Regarding access to a freed client in the next loop generally, I'm not clear what other cases that could occur in, but that shouldn't happen anymore for those that are created by the network connection. My guess though is that current version had additional issues because it wasn't verifying that the client should be deleted. Particularly it had inconsistent behavior between clearing the list of clients (which has checks to verify it should be deleted).
Don't worry Richie, I will fix this issue. (you can read: I cannot leave this issue alive !)
And Good news : I have added instances count, and thus, have a unit test that fails !
The reason for which I cannot merge without test is that in fact, this problem is really very touchy !
You may know that a local broker can connect to a remote (TinyMqtt) broker that connect to ... etc... This behaviour allows redundant setup which I want to have for my home. (My wife will never accept that a light cannot turn on just because .... "sorry the broker is down, give me one hour to check .." :-D
A TinyMqtt broker have 3 kind of MqttClient
In fact, this is not about rejecting the PR, this is only that I do not want this problem to appear again in later versions of the lib.
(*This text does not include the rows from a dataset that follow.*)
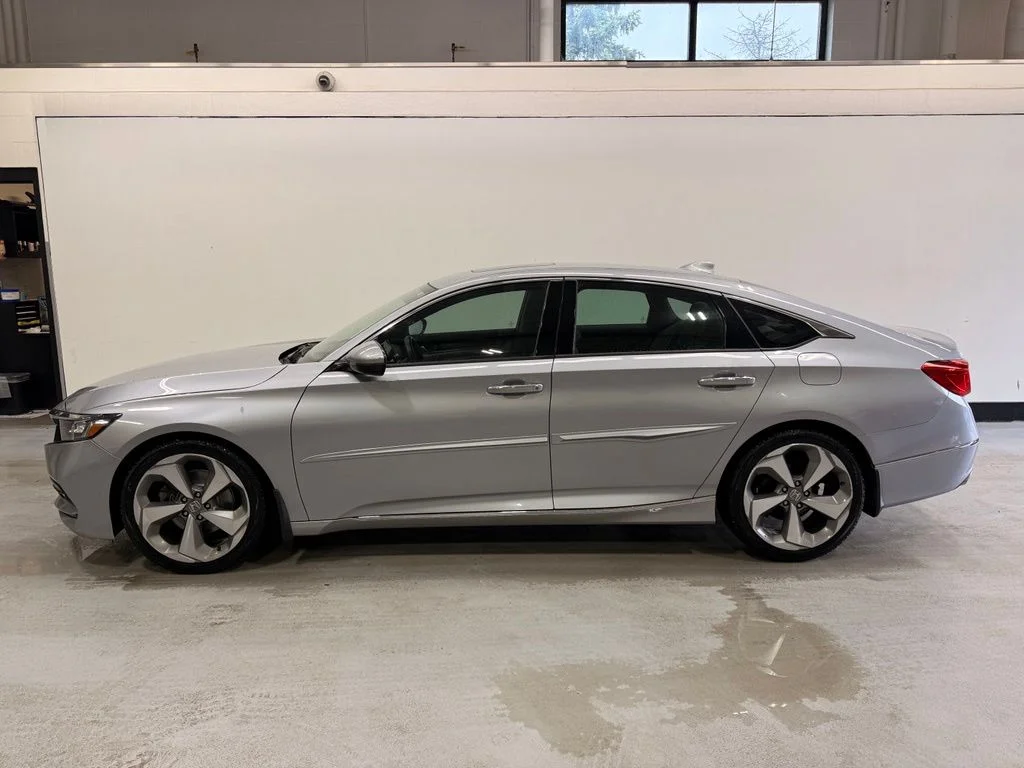 Used 2018 Honda Accord Touring with VIN 1HGCV1F90JA086157 for sale in Golden Valley, Minnesota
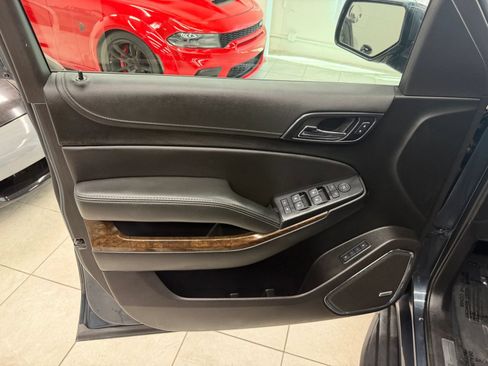 Used 2020 Chevrolet Suburban LT AWD/4WD image 13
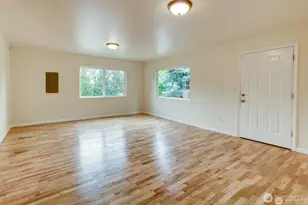 2618 30th Ave E, Tacoma, WA 98443 - Photo 2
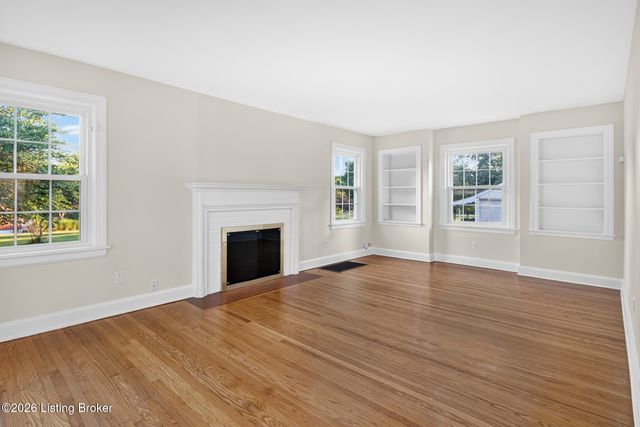 2627 Landor Ave, Louisville, KY 40205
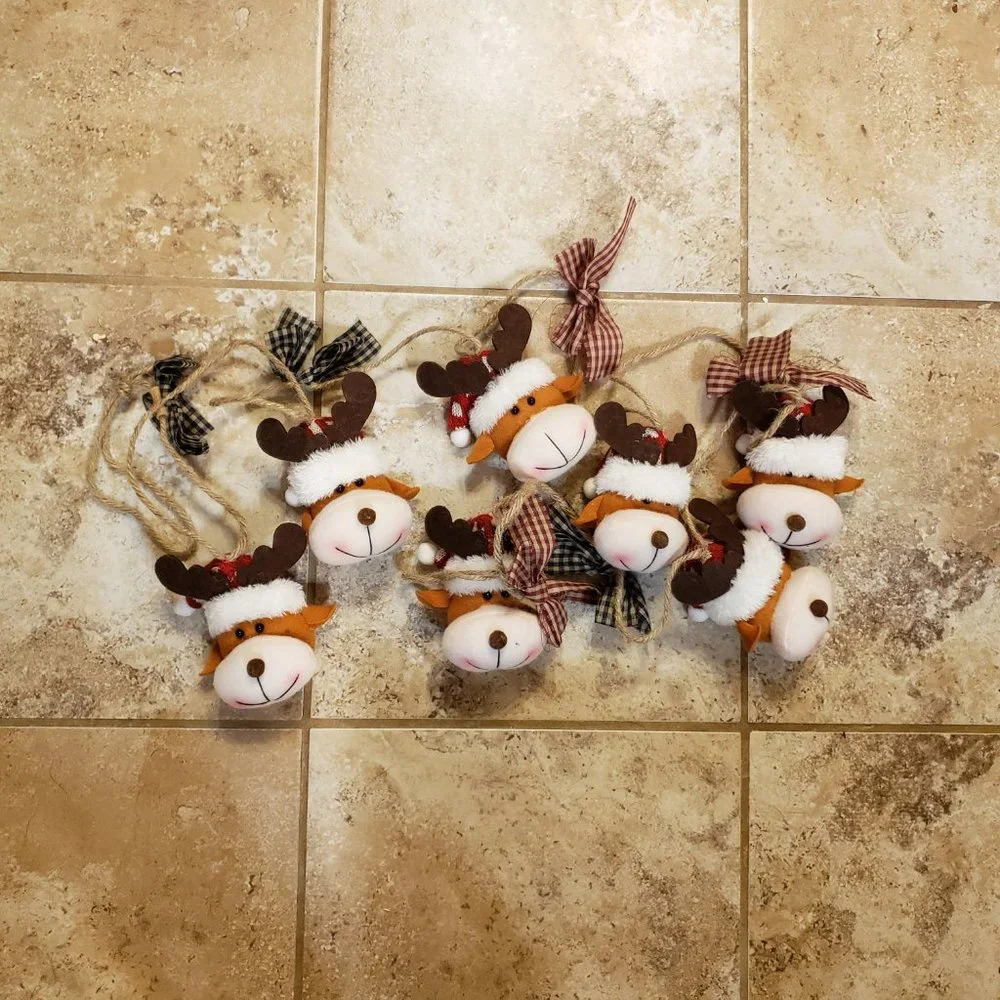 N/A garland plush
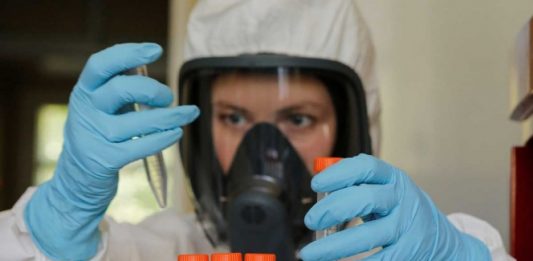 ¿Se puede confiar en la vacuna de Rusia sin los datos de ensayos?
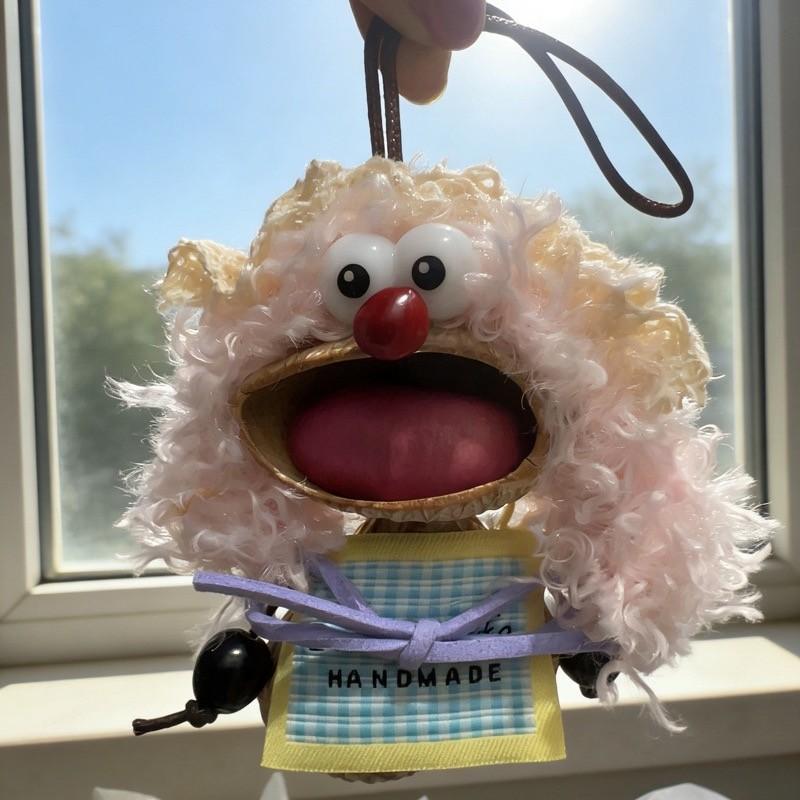 New Indonesian Fruit Shell Healing Wind Chime Pendant, Stress Relief Keychain, Wholesale Fruit Shell Rattle, Decorative Hanging Ornament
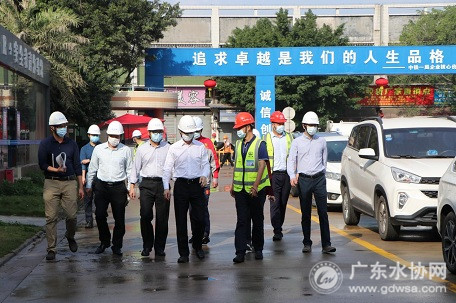 曹国栋董事长带队前往城北污水处理厂地埋式改建项目调研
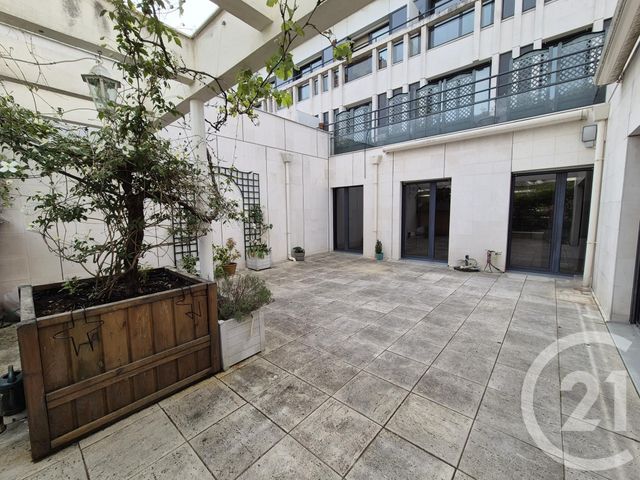 Appartement F4 &agrave; louer - 4 pi&egrave;ces - 110,87 m2 - Rouen - 76 - HAUTE-NORMANDIE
And, there is precisely a reason that may break things: I've not yet implemented zeroconf, and I know already that this feature is prone to break things on that point.
Thanks for answering, you are really helping ! Best regards
Note to avoid confusion, I'll push very soon a unit test of another memory leak, not related to this one.
@richievos :
In the current main branch code, every client that connects remotely leaves a memory
leak when it disconnects since it's never freed. This diff fixes that and also ensures that any
other disconnected ones that should be deleted get deleted because it continues looping
through the clients at it cleans up the first one. It's not clear to me why the previous code
early exited from the loop, but I assume it was a workaround to handle the
corrupted memory (dead pointers) the current solution seemed to leave in place.
I'm getting upset with this issue !
I've written a test with an external client disconnecting its wifi. Thus this client is even not able to send Mqtt::Disconnect; and all is ok !! (long story is that there was a bug in EspMock / Wifi that was not disconnecting properly and this is why I thought that I had found the memory leak).
In the current main branch code, every client that connects remotely leaves a
memory leak when it disconnects since it's never freed.
--> Cannot reproduce this !!!
I'm sure you have opened this issue with a good reason, but none of my tests leads to a memory leak unfortunately.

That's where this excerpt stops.